Reviewed By

Christopher Armstead
Danny Boyle's 'Trance' is what is known as a 'Mind Bending Thriller'.  When these types of movies work… man… they tend to be amongst the best that cinema has to offer.  But there is so much involved in making them work, and because this particular genre is usually built on a flimsy house of plot hole-ridden cards to begin with, these types of movies usually have to blow past these plot holes with break neck speed, or cover them up in glossy sheen, or maybe even find a way to not have them in the first place.  'Trance', I think, aims to cover up its foibles with glossy style.  It was a good effort.  And while 'Trance' was enjoyable enough, I wouldn't call it amongst the best of the genre.

James McAvoy narrates, at least for a couple of minutes, as the character of Simon the art auctioneer.  He's going on about art and art heists and whatnot, but it doesn't really matter because Vincent Cassel shows up in a minute as the character of Franck and if Vincent Cassel shows up in your movie, then there's a 95.8% chance that he's up to no good.

Guess what?  Franck is up to no good.  The heist is on, and it goes off without a hitch.  Except for the little incident where Simon tazes Franck for some reason causing Franck to crush Simon's skull with the butt of his rifle, but otherwise, it went well.  This tazing was a little peculiar since Simon was in on the heist and all, but there it is.

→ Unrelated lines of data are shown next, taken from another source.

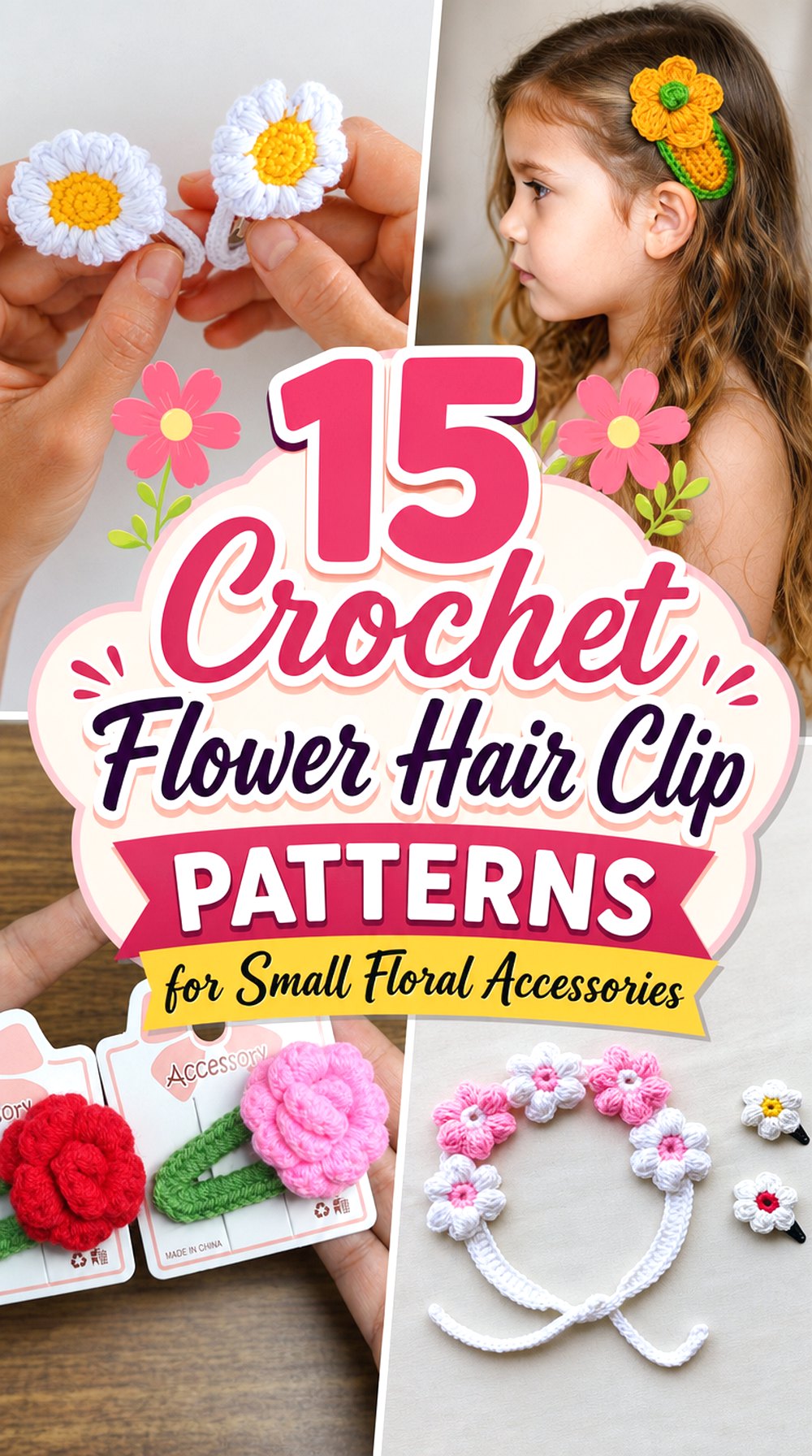 Crochet Flower Hair Clip Patterns for Small Floral Accessories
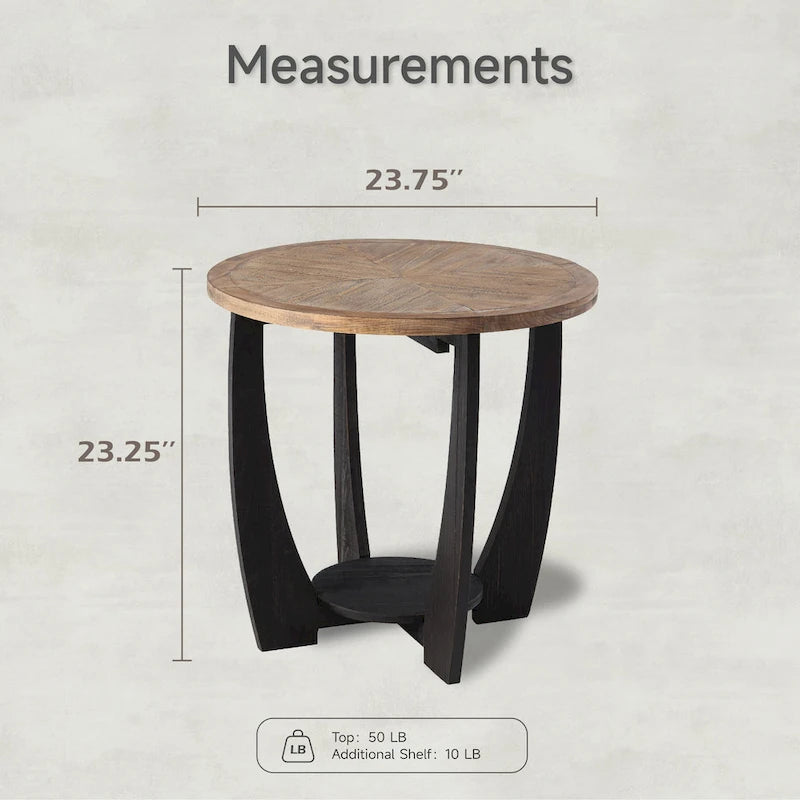 COZAYH Table d'appoint rustique de ferme, table basse d'appoint de style champêtre français pour la famille, petits espaces
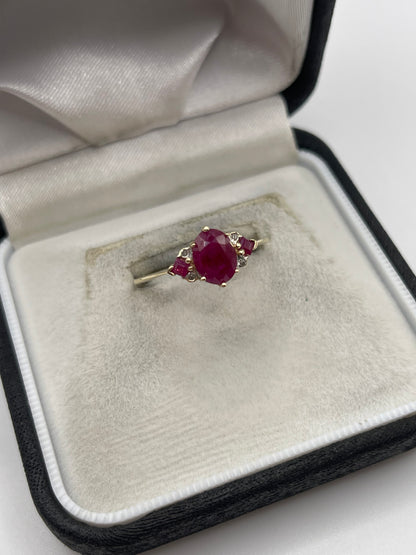 9ct gold ruby and diamond ring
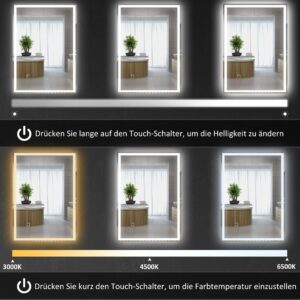 HOMCOM LED Badspiegel 70 x 50 cm met 3 lichtkleuren en touchschakelaar, IP44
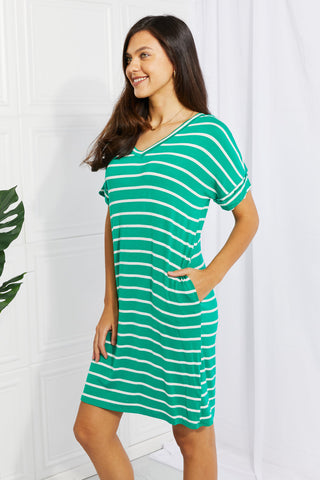 Springtime Sunshine Full Size Striped T-Shirt Dress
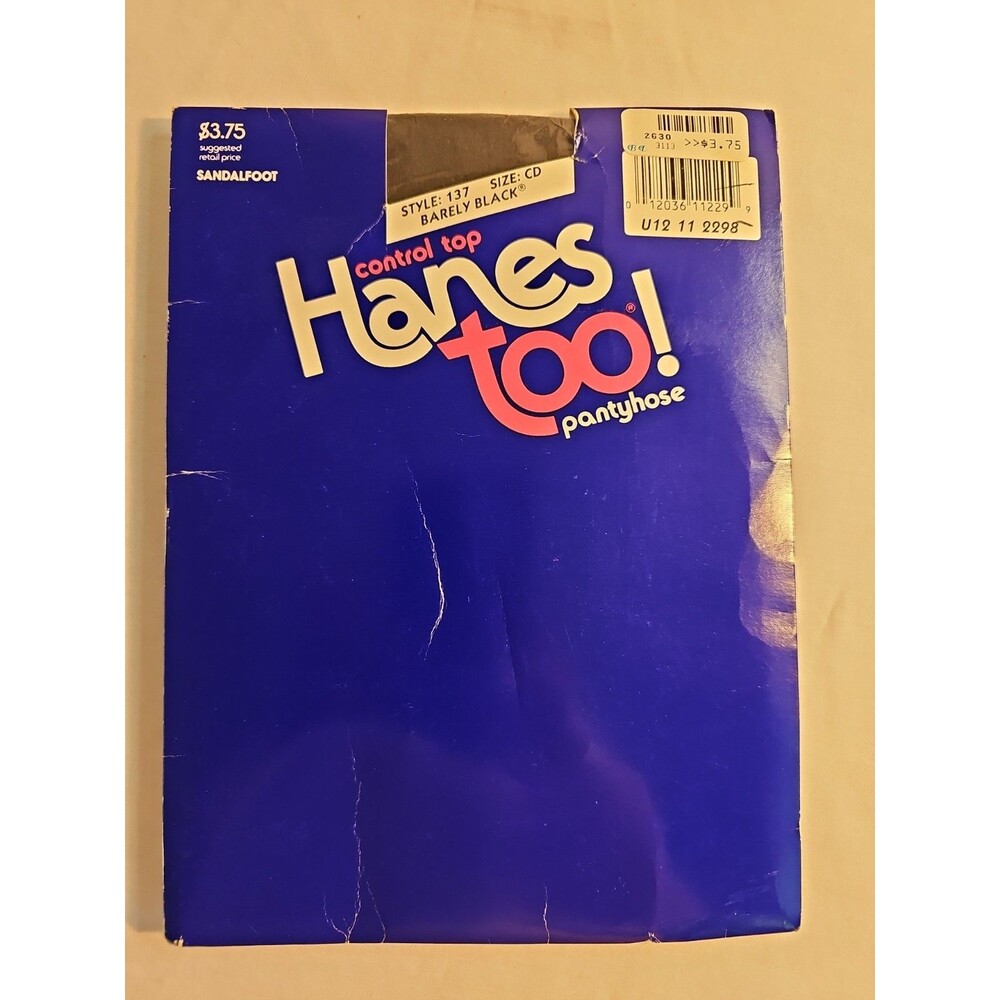 Vintage Hanes Too Pantyhose Barely Black Style 137 size CD sandalfoot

Now the problem is that when Vincent and his crew get back to the hideout, they find this painting is missing from its frame.  Clearly Simon, who is recovering from that nasty bump, has taken the painting, but where did he put it.  Simon has no clue where he put it, despite the forced removal of his fingernails, this sudden amnesia no doubt caused by getting his skull crushed by the butt of a rifle.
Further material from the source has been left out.